Confession: I, um, kind of hate baby showers. I've thought a lot about why, and I think it stems from what feels like a lack of acknowledgement about what it's really like to have a new baby. Onesies and tiny shoes are so cute, I know! But those only get you so far when you're bleeding, exhausted (and I mean exhausted), hungry, hormonal, and have just gone through the most powerful physical and existential shift you likely ever will. So here I suggest baby shower gifts that acknowledge and celebrate the transformation of mother and family after a new baby is born.
1. Postpartum Survival Kit
What you include in this will depend on your closeness with the recipient, and whether they plan to breast feed or not. Here are a few physical items that might make their first few weeks a little easier, and that they might not have thought to stock up on themselves: nipple cream and reusable breast pads, nursing tea, menstrual pads, water bottle and Emergen-c, non-perishable snacks, Tucks pads, stool softener, books or movies... and you can hide affirmations in her box of pads so she gets a little boost when she needs it most. ("You're a perfect mother for your baby." "Your baby is so lucky to have you." "You are enough.")
2. Luxurious Loungewear
OK, so this category certainly doesn't cover "essentials" the way that others do, but how nice would it be to get something that would make you feel beautiful and comfortable while you snuggle your new baby?

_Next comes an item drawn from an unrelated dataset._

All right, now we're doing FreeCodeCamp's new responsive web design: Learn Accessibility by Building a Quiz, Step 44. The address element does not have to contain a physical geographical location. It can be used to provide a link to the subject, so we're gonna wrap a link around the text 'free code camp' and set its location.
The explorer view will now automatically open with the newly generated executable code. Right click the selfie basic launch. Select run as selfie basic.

Soft pants, drapy cardigans, cozy robes; there are many alternatives to traditional maternity or postpartum clothing that can be such a treat.
3. Food. FOOD.
Food, glorious food. Postpartum, nursing me was the hungriest version of me I've ever known. I thought about food all the time, and I almost always craved something warm, savory, and homemade. But, of course, my husband and I rarely had the time, or head space, to plan and execute such a meal. I was forever grateful for the friends and family who delivered meals to us during that time. Here are some ways you can feed the person you love:
- Create and manage a meal train for them! Have meals delivered 4 times a week instead of everyday to eliminate food waste, find out if there are any dietary restrictions, and coordinate with the new family to figure out the best time and place for a drop off.

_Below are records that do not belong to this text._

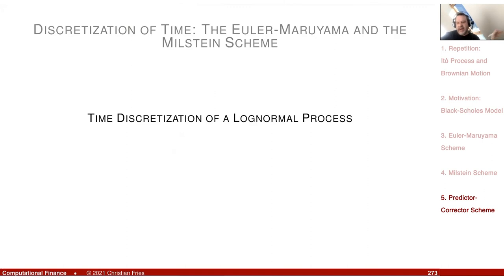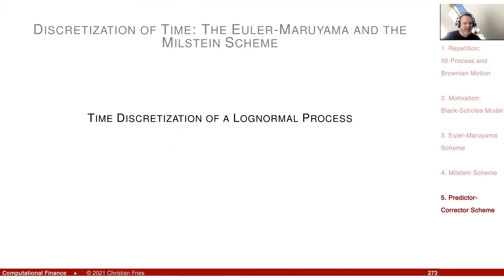I'd like to apply all these schemes to a nice example: the time discretization of a log-normal process. We'll do that in the next session. Thank you.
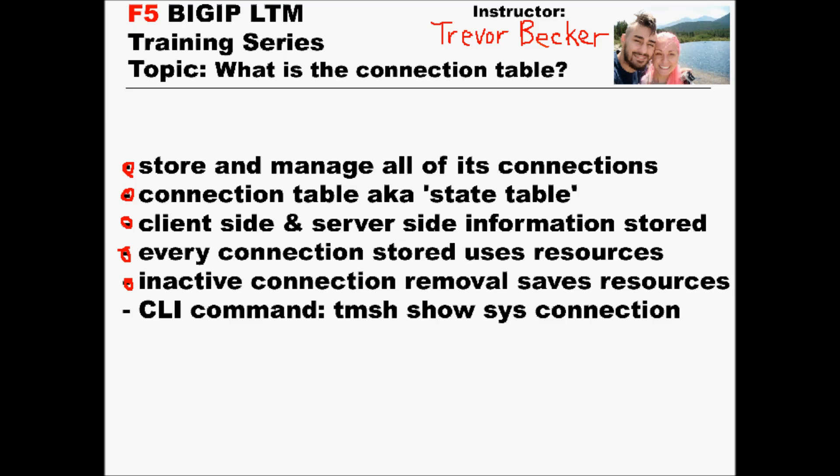There is a correlation between persistent connections and the connection table. However, that information is not all stored on the same table. The CLI command to see the connection table on the LTM platform is a TMSH command. You can type ShowSysConnection, or if you're in BigPipe, you can type TMSH ShowSysConnection.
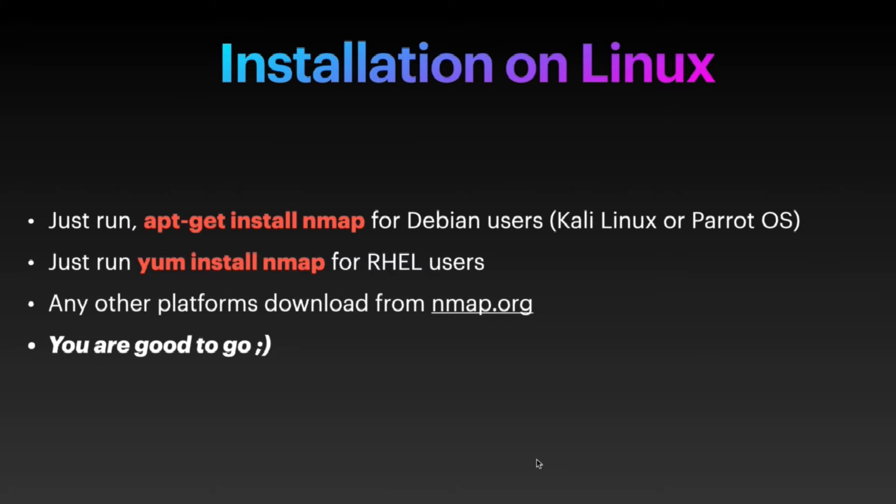on Kali Linux operating system or Parrot OS, you just need to run this command. But nmap is pre-installed in both operating systems, so you don't need to worry. If you are running on a Red Hat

- Give gift cards for local restaurants that do take out or delivery. Or, if they live in a rural area like me, to a grocery store where they can get pre-made food to go.

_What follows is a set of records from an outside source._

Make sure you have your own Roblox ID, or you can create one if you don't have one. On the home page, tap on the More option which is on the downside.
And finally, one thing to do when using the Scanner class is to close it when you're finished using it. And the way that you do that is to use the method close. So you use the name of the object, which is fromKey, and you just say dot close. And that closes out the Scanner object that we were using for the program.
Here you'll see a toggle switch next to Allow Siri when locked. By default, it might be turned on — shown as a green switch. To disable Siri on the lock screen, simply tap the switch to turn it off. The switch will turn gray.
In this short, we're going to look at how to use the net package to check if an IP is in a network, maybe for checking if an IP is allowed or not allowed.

- If you do live nearby and want to bring a meal or two, avoid saying, "I'd love to bring you a meal, let me know when you want one!" Instead say, "I am going to drop dinner off on Wednesday. Does that work?" It's much easier to accept a gift when it doesn't feel like a choice!
4. Household Essentials
This gift would be... bold and awesome. Here's what I'm picturing: toothpaste, tooth brushes, shampoo, toilet paper, soap, dish soap, paper towels, the list could go on! The category really being: things-they-might-run-out-of-and-replacing-them-will-feel-like-an-insurmountable-obstacle-to-deal-with-in-the-moment.
5. Extra Help
"It takes a village..." We hear this all the time, but so often new families are utterly alone in the world after their baby is born. Extended family lives far away, local friends have their own lives to attend to, and partners, and often even new mothers, need to return to work shortly after the baby is born. This is a societal problem that needs to be addressed, but until major changes in our family leave policies are enacted, we're stuck with what we've got. A wonderful gift would be to hire a housekeeper, a postpartum doula, a dog-walker, a babysitter or mother's helper for older children, someone to shovel or rake the yard, or anyone else you can pay to do any of the tasks it takes to run a household (and a life) that become nearly impossible when you have a new baby.
I'd love to hear your ideas for unconventional shower gifts!